"Da, wo die Christen stark sind, sind die Radikalen schwächer", sagte Vesper dem Bonner "General-Anzeiger" (Montag). Er sprach sich dafür aus, sich nicht nur zum Glauben und zum liturgischen Geschehen zu bekennen, sondern auch zu den Grundwerten, die aus dem Glauben folgten. "Deswegen sehen wir es als unsere Aufgabe an, auch dort Gesicht zu zeigen, wo wir in der Minderheit sind", sagte der Präsident der katholischen Laienorganisation mit Blick auf den verschwindend geringen Anteil katholischer Christen unter den Chemnitzern. Gerade in einer Stadt wie Chemnitz würden die Katholiken immer auch mit allen Menschen guten Willens zusammenarbeiten und die Gegner der Demokratie entschieden bekämpfen. Er forderte, Werte wie die Gastfreundschaft für Fremde und die Hilfe für sozial Schwache zu schützen.
Der sächsische Wirtschaftsminister Martin Dulig (SPD) räumt einen Vertrauensverlust der Bürger in Politik und Rechtsstaat ein. Doch diese "Defizite des Staates" dürften nicht in Selbstjustiz, Hass, Hetze und Gewalttaten münden, sagte der stellvertretende Ministerpräsident des Freistaates der Tageszeitung "Die Welt" (Montag). "Dafür gibt es keine Legitimation", betonte Dulig angesichts der fremdenfeindlichen Ausschreitungen in Chemnitz.
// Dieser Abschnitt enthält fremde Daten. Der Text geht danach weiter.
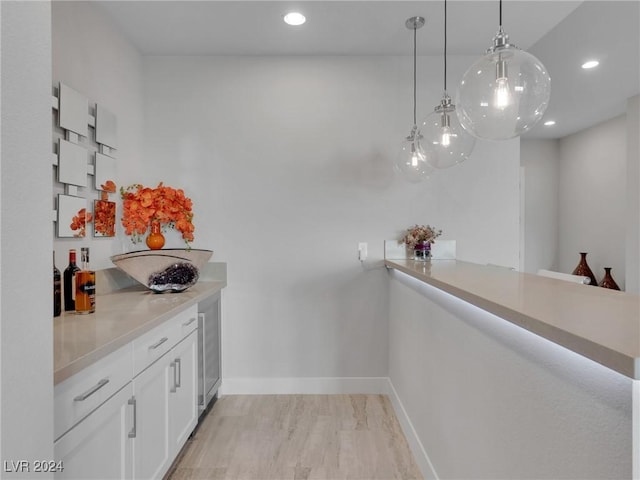 bar featuring pendant lighting, white cabinets, and light hardwood / wood-style flooring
Der SPD-Politiker sagte: "Wir haben als gesamte Regierung gehandelt." Es würden wieder mehr Beamte eingestellt.
Großes Potenzial zum Stören
Als Reaktion auf die Ausschreitungen der zurückliegenden Tage wollen ab dem späten Montagnachmittag mehrere Bands in Chemnitz gegen Fremdenfeindlichkeit auftreten. Das Gratiskonzert steht unter dem Motto "Wir sind mehr". Auftreten werden unter anderem "Die Toten Hosen", "Feine Sahne Fischfilet" und die Chemnitzer Band "Kraftklub".
Ministerpräsident Michael Kretschmer (CDU) erwartet für Montagabend erneut eine angespannte Sicherheitslage. Er freue sich, dass es das Konzert geben werde, sagte der Regierungschef am Sonntagabend in der ARD-Sendung "Anne Will". "Ich sehe aber auch, dass da ein großes Potenzial ist zum Stören", fügt er hinzu. Über das Netzwerk Facebook hatten sich weit mehr als 30.000 Besucher für die Veranstaltung angekündigt. Angesprochen auf die Lage am vergangenen Montag, als nur knapp 600 Polizisten in Chemnitz waren, die eine rechte Demonstration und Proteste dagegen absichern sollten, sagte Kretschmer, daraus habe man Schlüsse gezogen. Am vergangenen Samstag seien mehr Polizisten in der Stadt gewesen, und am Montag würden "auch noch einmal mehr da sein".
"Thügida"-Kundgebung nicht genehmigt
Derweil wurde eine ebenfalls für Montag beantragte Kundgebung des thüringischen "Pegida"-Ablegers "Thügida" nicht genehmigt. Grund sei die "bereits belegte Veranstaltungsfläche", sagte ein Sprecher der Chemnitzer Stadtverwaltung dem Evangelischen Pressedienst (epd). Weitere Versammlungen waren nicht angemeldet.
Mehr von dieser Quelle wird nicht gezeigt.